#### About this exercise:
In the records below, find the line containing "Janome 76 202002004"; copy exactly that line and all lines after it to the end, and nothing else.

#### The data:
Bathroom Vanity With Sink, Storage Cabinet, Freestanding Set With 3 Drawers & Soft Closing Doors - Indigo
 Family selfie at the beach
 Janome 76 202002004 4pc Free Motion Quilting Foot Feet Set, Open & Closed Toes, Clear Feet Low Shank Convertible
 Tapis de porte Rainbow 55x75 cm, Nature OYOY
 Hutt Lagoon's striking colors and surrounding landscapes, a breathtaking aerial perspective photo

#### Answer box:
 Janome 76 202002004 4pc Free Motion Quilting Foot Feet Set, Open & Closed Toes, Clear Feet Low Shank Convertible
 Tapis de porte Rainbow 55x75 cm, Nature OYOY
 Hutt Lagoon's striking colors and surrounding landscapes, a breathtaking aerial perspective photo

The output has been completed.